Ezio Mauro, que viria a suceder a Scalfari na direção do La Repubblica, além de o homenagear ao descrevê-lo como um «revolucionário do jornalismo», traçou esse programa que nunca disfarçou o seu ímpeto moralizador e que levaria a que o jornal, que queria atrair a elite bem como as classes populares, não tenha demorado a atingir uma grande difusão, com 800 mil exemplares vendidos a cada dia, tornando-se o segundo diário mais influente do país: «O resultado é uma conceção de jornal que vai muito além da fotografia do dia para assinalar a reconstrução do mundo, a invenção do contexto, a inteligência dos acontecimentos, a compreensão dos fenómenos. Ou seja, a criação de uma verdadeira e própria máquina de consciência: capaz de ajudar o leitor a ser cidadão consciente, porque informado.»
Nascido a 6 de abril de 1924, na cidade de Civitavecchia, a cerca de 80 km de Roma, de pais calabreses, Scalfari vinha de uma família de direita, e num livro de memórias, L’uomo que non credeva en Dio, admitia que na adolescência fora um entusiasta ativista de Mussolini, e que ainda votou na monarquia no referendo de 1946, isto antes de se tornar numa das mais lúcidas e apaixonadas testemunhas da história republicana, como assinalou o presidente de Itália, Sergio Mattarella. A sua carreira jornalística iniciou-se no Il Mondo, jornal da elite liberal italiana, mas foi no L’Europeo que começou a assumir destaque, sendo considerado fundador do jornalismo económico transalpino. Em 1955, foi um dos fundadores e, depois diretor, de L’Espresso, uma revista que se tornou conhecida em todo o mundo pelas reportagens de investigação que publicava.
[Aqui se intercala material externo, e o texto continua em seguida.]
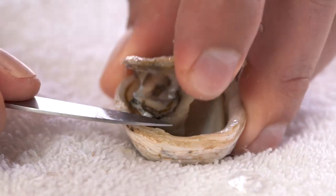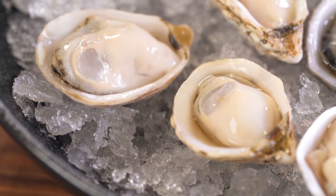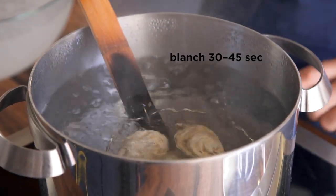This is a great trick to make shucking them really, really easy and they actually turn out more beautiful too. What we do is we take a pot of water, bring it to a boil, dump all of our oysters in for about 30 to 45 seconds, depending on the size of the oyster.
Scalfari ainda se aventurou no mundo da política, tendo aderido ao Partido Radical em 1955, e sendo depois eleito deputado do Partido Socialista em 1968, mas, como vincou o primeiro-ministro italiano Mario Draghi (horas antes de aresentar a sua demissão), será lembrado como «um protagonista absoluto na história do jornalismo na Itália do Pós-Guerra». Nas duas décadas em que esteve à frente do La Repubblica, pautou-se por uma virulenta oposição a Silvio Berlusconi, mas para lá da sua marcada atitude moral, como ressalva Draghi, «os seus editoriais constituíam uma leitura essencial para todos aqueles que queriam entender a política e a economia». Depois de abandonar a direção do jornal, aos 73 anos, passou a dedicar-se à escrita, continuando a colaborar com o editorial de domingo e fazendo longas entrevistas, destacando-se as que fez ao Papa Francisco, de quem se tornou amigo. Tendo publicado cercade 30 livros, um deles reúne precisamente uma série de conversas filosóficas com o papa, que, através de um comunicado, manifestou pesar pela morte do amigo e disse guardar com carinho a memória dos encontros «e das conversas densas sobre as últimas questões do homem».